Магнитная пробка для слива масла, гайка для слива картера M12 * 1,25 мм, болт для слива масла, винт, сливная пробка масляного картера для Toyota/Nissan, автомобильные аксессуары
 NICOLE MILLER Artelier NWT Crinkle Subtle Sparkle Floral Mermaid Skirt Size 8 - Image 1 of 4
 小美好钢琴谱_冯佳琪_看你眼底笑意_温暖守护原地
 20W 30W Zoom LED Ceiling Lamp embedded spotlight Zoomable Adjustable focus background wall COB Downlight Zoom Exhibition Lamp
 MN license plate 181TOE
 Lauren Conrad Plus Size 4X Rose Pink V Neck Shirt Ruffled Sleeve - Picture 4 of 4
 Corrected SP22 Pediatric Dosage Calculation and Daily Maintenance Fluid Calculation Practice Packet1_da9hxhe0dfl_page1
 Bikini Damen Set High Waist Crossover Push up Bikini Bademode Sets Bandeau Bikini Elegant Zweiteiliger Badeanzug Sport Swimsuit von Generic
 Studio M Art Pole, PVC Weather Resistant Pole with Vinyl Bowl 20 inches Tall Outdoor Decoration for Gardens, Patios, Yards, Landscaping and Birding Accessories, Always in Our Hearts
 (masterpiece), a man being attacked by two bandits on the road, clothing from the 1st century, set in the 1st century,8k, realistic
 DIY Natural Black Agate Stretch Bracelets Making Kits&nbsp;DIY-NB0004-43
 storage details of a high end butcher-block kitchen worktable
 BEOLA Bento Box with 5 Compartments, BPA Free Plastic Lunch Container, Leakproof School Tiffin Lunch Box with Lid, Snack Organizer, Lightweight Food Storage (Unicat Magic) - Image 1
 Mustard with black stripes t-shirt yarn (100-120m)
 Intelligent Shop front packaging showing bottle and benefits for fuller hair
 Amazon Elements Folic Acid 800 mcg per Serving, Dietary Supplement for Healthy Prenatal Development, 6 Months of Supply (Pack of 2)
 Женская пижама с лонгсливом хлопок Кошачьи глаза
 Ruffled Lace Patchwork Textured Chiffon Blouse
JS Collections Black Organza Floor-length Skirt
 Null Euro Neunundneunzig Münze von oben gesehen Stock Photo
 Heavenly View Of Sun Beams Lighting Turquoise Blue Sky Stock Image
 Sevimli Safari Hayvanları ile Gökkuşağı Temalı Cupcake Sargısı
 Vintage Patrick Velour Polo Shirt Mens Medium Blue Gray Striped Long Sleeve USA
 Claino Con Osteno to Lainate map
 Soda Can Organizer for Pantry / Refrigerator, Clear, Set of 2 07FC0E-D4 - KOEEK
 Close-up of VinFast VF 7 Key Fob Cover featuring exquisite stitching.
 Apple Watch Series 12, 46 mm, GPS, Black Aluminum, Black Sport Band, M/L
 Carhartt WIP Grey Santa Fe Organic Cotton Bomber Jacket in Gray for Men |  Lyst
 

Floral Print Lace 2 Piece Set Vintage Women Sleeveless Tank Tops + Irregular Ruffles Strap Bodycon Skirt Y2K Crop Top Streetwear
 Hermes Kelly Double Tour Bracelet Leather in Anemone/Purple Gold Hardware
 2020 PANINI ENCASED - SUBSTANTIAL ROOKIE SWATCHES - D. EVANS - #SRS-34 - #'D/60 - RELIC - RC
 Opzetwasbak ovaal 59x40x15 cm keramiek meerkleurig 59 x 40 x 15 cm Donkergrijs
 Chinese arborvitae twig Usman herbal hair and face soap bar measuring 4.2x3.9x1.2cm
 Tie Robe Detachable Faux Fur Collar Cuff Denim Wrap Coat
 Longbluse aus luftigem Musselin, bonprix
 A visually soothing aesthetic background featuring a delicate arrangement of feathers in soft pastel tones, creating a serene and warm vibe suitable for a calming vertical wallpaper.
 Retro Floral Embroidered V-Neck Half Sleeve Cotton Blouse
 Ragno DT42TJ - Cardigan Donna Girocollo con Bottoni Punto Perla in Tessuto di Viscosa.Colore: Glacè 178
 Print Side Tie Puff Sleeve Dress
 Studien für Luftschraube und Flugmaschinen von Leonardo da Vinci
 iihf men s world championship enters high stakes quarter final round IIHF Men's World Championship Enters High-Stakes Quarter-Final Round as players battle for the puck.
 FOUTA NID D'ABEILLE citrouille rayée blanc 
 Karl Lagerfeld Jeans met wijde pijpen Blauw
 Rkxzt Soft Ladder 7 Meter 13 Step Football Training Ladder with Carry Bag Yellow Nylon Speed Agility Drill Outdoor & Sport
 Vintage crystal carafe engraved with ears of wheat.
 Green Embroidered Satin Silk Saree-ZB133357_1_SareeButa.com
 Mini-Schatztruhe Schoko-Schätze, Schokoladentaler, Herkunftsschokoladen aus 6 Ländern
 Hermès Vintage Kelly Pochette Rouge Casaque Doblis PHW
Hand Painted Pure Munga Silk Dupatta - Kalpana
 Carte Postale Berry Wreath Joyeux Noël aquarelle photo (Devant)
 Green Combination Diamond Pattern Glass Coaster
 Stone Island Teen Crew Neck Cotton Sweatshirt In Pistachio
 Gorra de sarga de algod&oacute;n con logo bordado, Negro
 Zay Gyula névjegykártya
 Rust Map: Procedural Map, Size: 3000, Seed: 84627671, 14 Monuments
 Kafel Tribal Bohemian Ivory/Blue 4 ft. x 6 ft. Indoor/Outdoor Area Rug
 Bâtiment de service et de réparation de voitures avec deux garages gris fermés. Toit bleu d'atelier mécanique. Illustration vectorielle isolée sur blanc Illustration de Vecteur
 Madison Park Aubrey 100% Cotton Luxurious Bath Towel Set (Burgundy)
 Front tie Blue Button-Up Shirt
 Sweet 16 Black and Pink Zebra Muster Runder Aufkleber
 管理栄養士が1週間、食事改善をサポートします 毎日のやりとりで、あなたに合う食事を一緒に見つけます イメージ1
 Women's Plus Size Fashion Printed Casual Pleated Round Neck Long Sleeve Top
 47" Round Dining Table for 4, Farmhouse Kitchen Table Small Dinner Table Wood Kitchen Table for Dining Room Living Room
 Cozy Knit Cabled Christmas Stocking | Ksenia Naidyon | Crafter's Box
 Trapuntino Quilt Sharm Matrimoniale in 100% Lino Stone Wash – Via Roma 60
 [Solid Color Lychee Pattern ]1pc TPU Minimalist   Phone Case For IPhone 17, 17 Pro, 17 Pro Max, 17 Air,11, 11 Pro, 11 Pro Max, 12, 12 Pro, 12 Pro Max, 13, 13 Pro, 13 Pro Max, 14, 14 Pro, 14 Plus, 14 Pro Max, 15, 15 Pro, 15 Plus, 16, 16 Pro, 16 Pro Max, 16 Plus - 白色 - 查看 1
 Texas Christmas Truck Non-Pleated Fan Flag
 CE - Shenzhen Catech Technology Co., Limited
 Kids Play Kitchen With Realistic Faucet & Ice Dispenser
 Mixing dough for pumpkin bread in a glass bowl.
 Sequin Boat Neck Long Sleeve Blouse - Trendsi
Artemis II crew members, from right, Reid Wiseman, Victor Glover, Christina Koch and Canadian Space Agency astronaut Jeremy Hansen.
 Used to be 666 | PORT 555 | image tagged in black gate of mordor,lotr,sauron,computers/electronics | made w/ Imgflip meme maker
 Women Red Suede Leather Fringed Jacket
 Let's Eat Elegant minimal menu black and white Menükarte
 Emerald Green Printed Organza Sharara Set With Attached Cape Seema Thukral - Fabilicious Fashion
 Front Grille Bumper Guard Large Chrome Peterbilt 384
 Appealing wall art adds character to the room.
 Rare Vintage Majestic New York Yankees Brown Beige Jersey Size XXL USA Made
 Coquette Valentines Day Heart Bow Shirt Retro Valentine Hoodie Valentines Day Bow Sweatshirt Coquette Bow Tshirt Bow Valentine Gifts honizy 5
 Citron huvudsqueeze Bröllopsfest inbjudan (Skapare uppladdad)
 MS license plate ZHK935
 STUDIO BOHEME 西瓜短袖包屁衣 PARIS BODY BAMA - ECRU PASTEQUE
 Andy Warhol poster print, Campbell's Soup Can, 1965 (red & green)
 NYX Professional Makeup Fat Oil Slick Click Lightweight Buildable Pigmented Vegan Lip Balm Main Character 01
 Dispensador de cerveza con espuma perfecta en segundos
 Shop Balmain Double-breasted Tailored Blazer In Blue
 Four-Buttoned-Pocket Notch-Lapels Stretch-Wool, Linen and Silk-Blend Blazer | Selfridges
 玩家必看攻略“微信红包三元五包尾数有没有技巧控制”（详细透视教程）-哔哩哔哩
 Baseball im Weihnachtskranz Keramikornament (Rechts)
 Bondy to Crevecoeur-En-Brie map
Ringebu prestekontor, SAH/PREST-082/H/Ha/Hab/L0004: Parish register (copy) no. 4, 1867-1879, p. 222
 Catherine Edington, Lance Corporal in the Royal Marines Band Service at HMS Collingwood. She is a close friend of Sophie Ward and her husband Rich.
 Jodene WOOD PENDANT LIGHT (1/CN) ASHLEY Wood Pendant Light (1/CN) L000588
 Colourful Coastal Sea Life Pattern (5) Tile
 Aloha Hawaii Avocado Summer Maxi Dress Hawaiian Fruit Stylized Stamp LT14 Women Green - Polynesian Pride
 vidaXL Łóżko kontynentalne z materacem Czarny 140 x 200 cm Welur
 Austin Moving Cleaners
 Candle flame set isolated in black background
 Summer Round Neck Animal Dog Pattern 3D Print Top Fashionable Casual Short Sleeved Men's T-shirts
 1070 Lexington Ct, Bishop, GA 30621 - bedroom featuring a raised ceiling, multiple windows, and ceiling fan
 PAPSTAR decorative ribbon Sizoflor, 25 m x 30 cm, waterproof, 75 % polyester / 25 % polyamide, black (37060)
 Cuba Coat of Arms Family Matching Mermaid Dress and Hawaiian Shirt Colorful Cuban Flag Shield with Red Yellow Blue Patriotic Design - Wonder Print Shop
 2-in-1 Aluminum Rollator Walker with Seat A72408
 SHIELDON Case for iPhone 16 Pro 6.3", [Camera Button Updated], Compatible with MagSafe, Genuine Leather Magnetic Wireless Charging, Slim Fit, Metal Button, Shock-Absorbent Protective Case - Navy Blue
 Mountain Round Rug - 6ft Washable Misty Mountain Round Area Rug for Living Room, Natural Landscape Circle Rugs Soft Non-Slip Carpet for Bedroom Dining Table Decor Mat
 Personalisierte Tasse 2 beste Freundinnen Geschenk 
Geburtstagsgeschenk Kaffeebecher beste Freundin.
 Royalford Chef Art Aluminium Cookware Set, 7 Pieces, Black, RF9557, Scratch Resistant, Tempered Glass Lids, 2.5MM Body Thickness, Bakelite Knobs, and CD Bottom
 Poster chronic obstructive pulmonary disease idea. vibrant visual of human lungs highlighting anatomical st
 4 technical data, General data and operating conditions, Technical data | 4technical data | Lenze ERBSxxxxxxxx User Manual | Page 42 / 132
◆ ◆ ◆ ◆ ◆ ◆ ◆
▶ Work order: Write out each line of the data that holds the string "Mermaid".

▶ Written answer:
 NICOLE MILLER Artelier NWT Crinkle Subtle Sparkle Floral Mermaid Skirt Size 8 - Image 1 of 4
 Cuba Coat of Arms Family Matching Mermaid Dress and Hawaiian Shirt Colorful Cuban Flag Shield with Red Yellow Blue Patriotic Design - Wonder Print Shop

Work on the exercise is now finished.